With the even better marbling waygu

They were small at one point, and people complained, and worked tirelessly to make them big, now that they are big, they want them small, or they cross them with other breeds to put "muscle" on them.

It's ridiculous.

I've yet to talk to anyone in commercial that has ever asked. "Do you have a bull that will assure me of low weaning weights?" Never! In fact it's the first thing they ask about. You guys must be a different group entirely. When someone comes out to look at a bull, they sure don't gravitate towards the smallest bulls of the bunch. In fact the smaller ones are the hardest ones to sell.
I'm betting most of your bull buyers are like the majority ..no idea what they actually need for their herd....that's the biggest reason fat sells

I understand what you are saying, but those type of buyers usually don't buy their bulls from Branded, the price of our bulls usually weeds out the buyer you are describing.
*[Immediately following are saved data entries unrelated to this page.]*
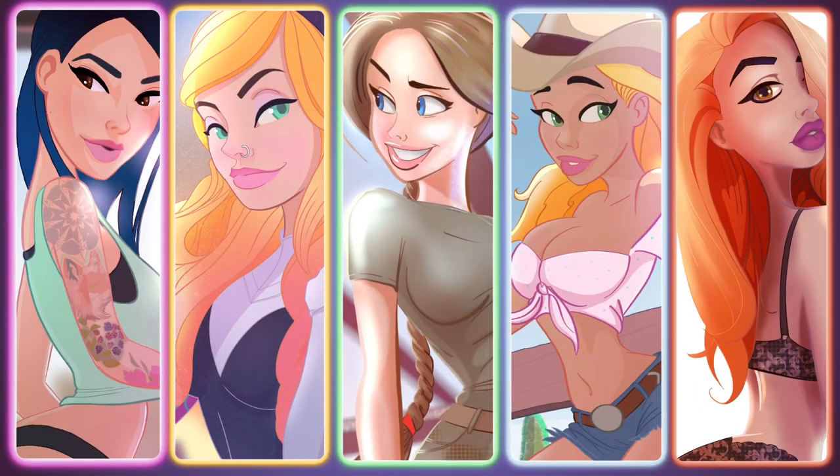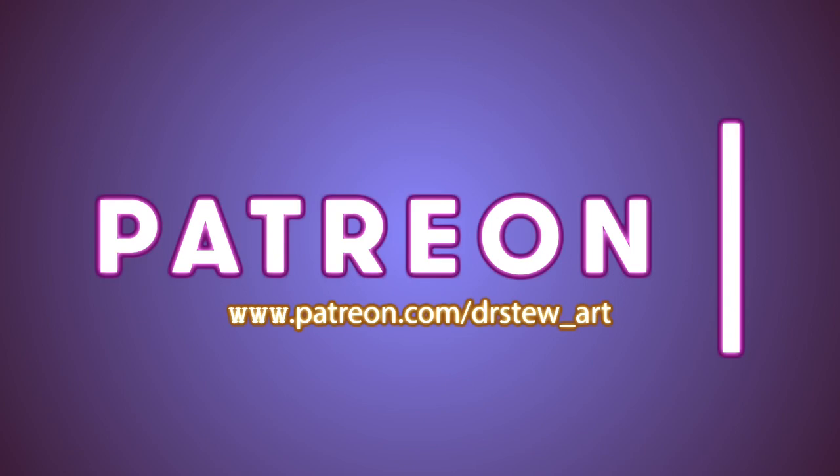This video is brought to you by my amazing supporters on Patreon. Patreon is an excellent way for me to create and share content with all of you for as little as a dollar a month. Patreon.com.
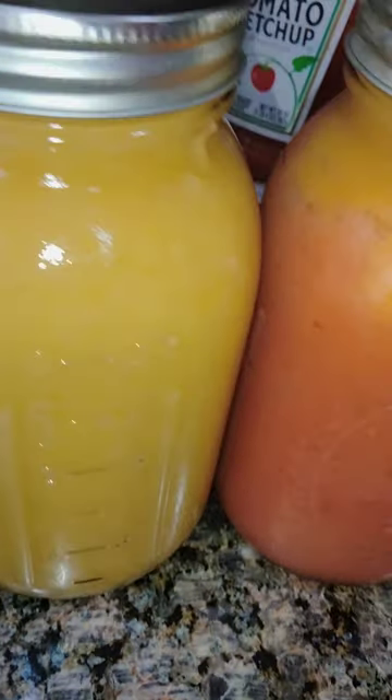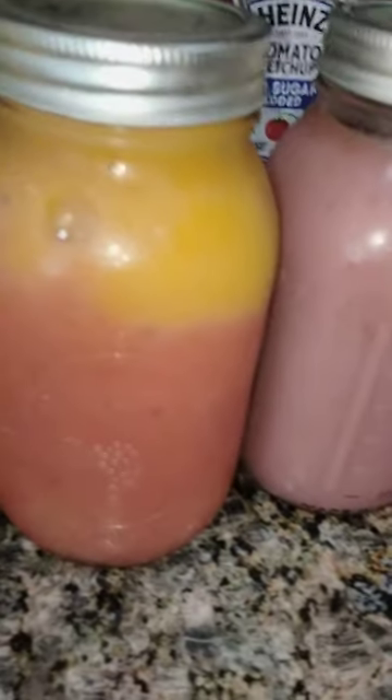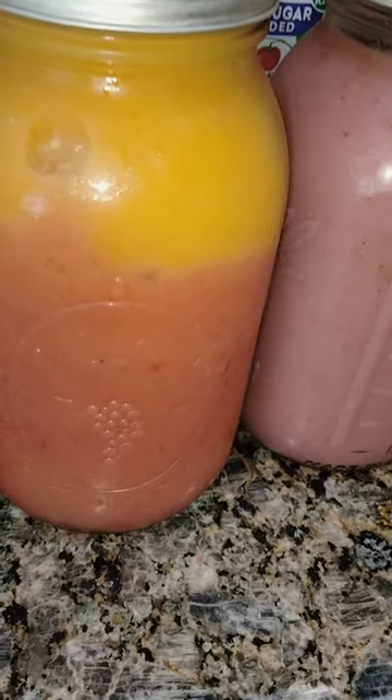I've got three different ones. This one I just made — this is the pineapple ginger infused sea moss. This one is my favorite; it has pineapple, mango, strawberry, and banana, all combined. And this one is just a strawberry banana infused sea moss.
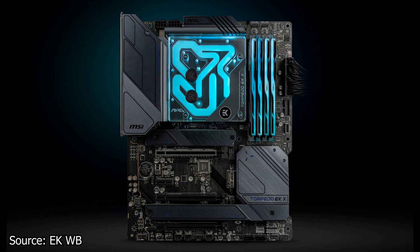We continue with EK Waterblock, which has announced the new MANA light block for the MSI MAG Z690 Torpedo motherboard. This is an Intel LGA1700 socket-based water block designed to work exclusively with that motherboard. The kit includes not only the water block but also the complete VRM heatsink kit, guaranteeing compatibility with all configurations. The water block makes direct contact with the VRM heatsinks through thermal pads and is secured using the standard EK Waterblock mounting system.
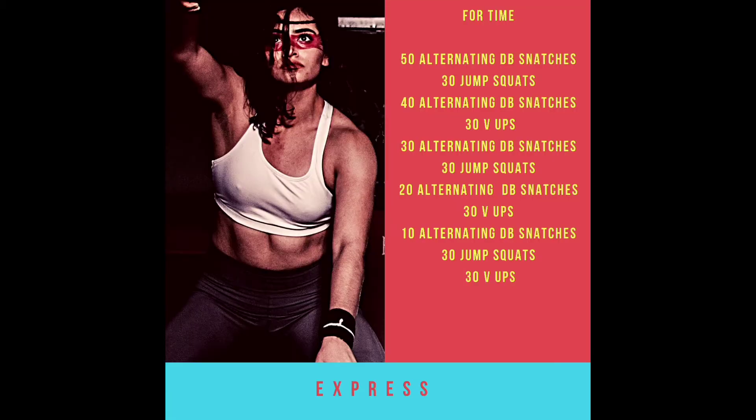Have we got a workout for you! This is going to be for time: 50 alternating dumbbell snatches followed by 30 jump squats, then 40 alternating dumbbell snatches followed by 30 v-ups.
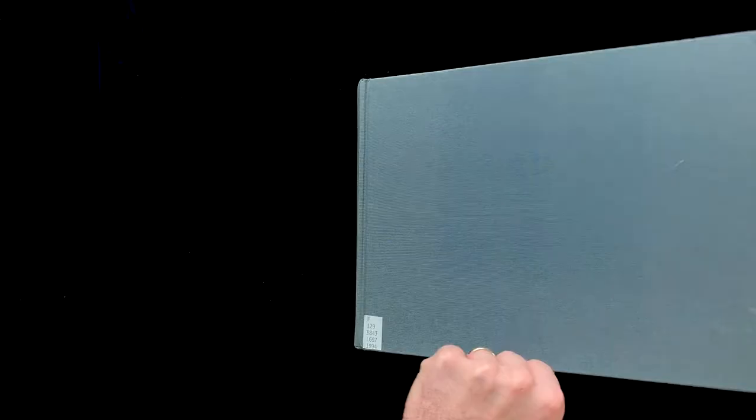Hi everyone, welcome back to the photo book review. In this review we're going over a book by photographer Milton Rogovan and the specific body of work we're going over is called Triptychs. We're reviewing this book because it's fascinating how simple it is in form but how powerful it is in message. It's triptychs — photographs of individuals across 30 years — and sometimes books that are simple in form can really highlight the conceptual or thematic power. Let's get into Milton Rogovan's book Triptychs.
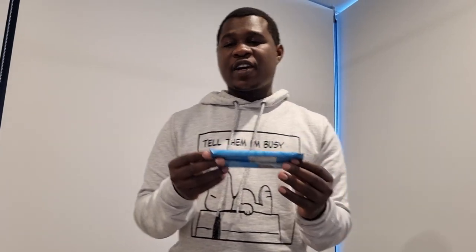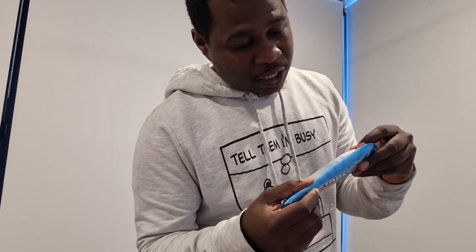Dark chocolate was the last one; this is milk crunch. Milk is one of my favorite foods so I think I would like this. The ingredients are: milk chocolate, sugar, whole milk powder, cocoa butter, cocoa mass, emulsifier, soy lecithin, natural vanilla extract, and crispy rice — which is 10% of it — made of rice flour, sugar, and salt.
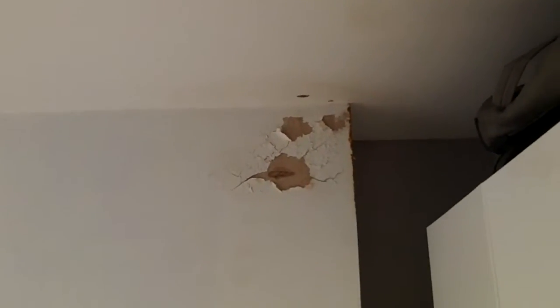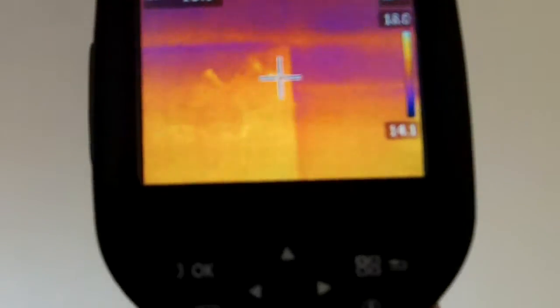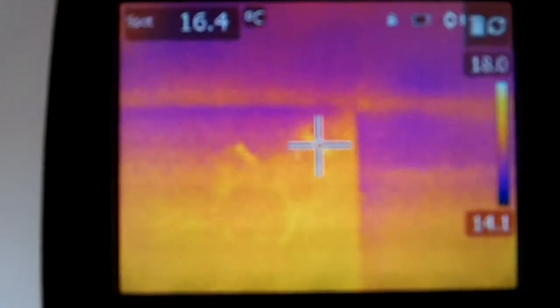Well here's another problem folks. We've got the thermal imaging camera and if you look there's no dark spots on the image at all, which shows us that there's no moisture in there. There's nothing evaporating so there's no cold spots.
Also, it's presumptive on your part to infer that our bulls don't work for our clients. They have worked out very well for them. I've sold bulls to some very sharp people who went over the epds with a fine tooth comb, not to mention they want to see the sire and dam in person. That rarely happens in most auction settings, which to me, is flying blind. I take time with my clients, that's a fact.
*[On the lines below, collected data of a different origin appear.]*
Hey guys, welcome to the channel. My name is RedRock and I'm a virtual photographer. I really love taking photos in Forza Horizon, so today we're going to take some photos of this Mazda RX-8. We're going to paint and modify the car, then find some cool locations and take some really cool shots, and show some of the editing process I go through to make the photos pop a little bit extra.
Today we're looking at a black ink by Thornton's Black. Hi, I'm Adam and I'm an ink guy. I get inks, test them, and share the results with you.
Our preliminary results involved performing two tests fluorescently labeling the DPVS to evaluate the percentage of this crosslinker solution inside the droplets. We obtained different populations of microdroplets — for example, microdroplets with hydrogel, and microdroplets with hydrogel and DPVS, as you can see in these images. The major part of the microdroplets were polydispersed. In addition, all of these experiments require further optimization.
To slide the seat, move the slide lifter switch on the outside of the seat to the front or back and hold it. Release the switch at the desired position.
As for fat, my bulls aren't fat. Ask BR and TT, they stood right beside them. I had another bull sell recently and he was definitely not fat, more like diesel.

It is highly beneficial for my business that the bulls we sell work out well for my clients. They have success, they come back for more.
 
Boot Jack Bulls said:
I'm surprised you have found that set-up preferable BH. We had the same and ended up scrapping the bars after repeated repairs (manufacturer repaired). With bigger cows like you have (not a dig, just a fact), I'm surprised you have not run into issues with them also. After using both the load bars and the trough style (also needed repeated manufacturer repairs), we went to a Rice Lake Weighing Systems platform and read-out. Super heavy to move and not cheap, but it has never missed a beat in 10 years, is dead on accurate (certified every couple of years), and I like the big flat platform. I weigh everything from dogs to horses and feed stuffs on it.

I bought the most heavy duty load bars that Tru Test offered. So far I have not had a single issue with them.

Overall, I'm pretty happy with the Priefert S04 chute and load bars, but....

Moving forward we are going to build an entirely new working facility, and will be going with a Silencer chute and a scale setup like you describe. I've seen the Silencer on a few occasions and I am sold.